Cardini è di un altro avviso: sostiene infatti che non sia valida la sentenza “la storia non si fa con i se e con i ma”, poiché in essa le ucronìe sono necessarie alla comprensione di determinati eventi. Con lui il gioco si fa serissimo: tramite un meraviglioso preambolo, comincia a parlare del primo conflitto mondiale partendo dalla politica europea di cinquanta anni prima, chiarificando le posizioni di ogni Stato alla vigilia della guerra; vede nell’Italia l’ago della bilancia che potrebbe far pendere la vittoria a favore degli imperi centrali, e si chiede: “che cosa sarebbe successo se ci fossimo schierati con la Germania e se questa avesse vinto?”. La risposta del professore è che si sarebbe raggiunta più facilmente quella pace “senza vincitori né vinti” auspicata da papa Benedetto XV e soprattutto “non avremmo avuto Hitler, le origini del quale si possono riscontrare nella pace di Parigi, e non ci sarebbe quel casino in Medio Oriente di cui, vi assicuro, pagheremo molto di più le conseguenze nei prossimi mesi di quanto non abbiamo fatto in passato.”.

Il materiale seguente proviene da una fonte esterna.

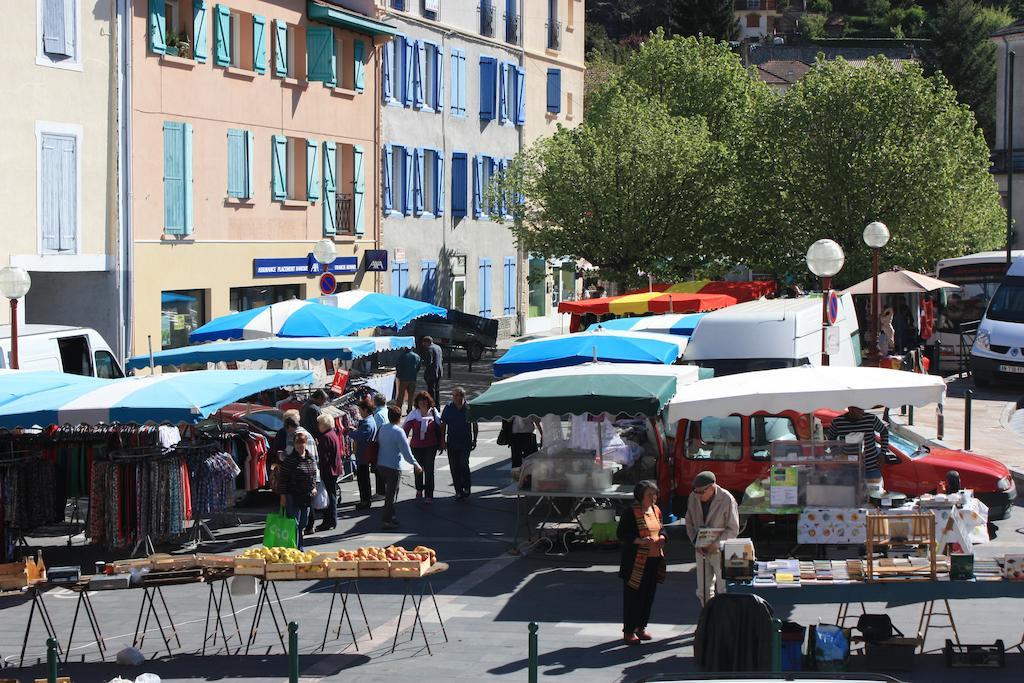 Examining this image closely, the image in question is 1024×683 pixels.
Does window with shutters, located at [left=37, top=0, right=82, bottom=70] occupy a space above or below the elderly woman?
above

Simile è l’esercizio (così amava chiamare gli interventi l’organizzatore Dario Ceccherini) di Giovanni Brizzi dal titolo “Lasciate che Annibale marci un poco su Roma”: egli immagina una vittoria cartaginese nella seconda guerra punica che non si sarebbe risolta in una distruzione di Roma, a suo dire, quanto a un ridimensionamento della stessa. Annibale si sarebbe spostato in Hispania per ricongiungersi con i suoi familiari e difendere gli interessi di Cartagine nell’area. Cartagine però, secondo Brizzi, sarebbe comunque stata destinata a perdere in un futuro, perchè non incarnava un modello di città e di stato moderno come invece era Roma; non era attenta ai rapporti con “l’altro”, perciò la Repubblica prima o poi si sarebbe rialzata e riaffacciata sul Mediterraneo al capo della federazione di popoli italici, magari con maggiore cautela.
Così si sono conclusi questi bellissimi tre giorni ipotetici per Poggibonsi e per la Valdelsa.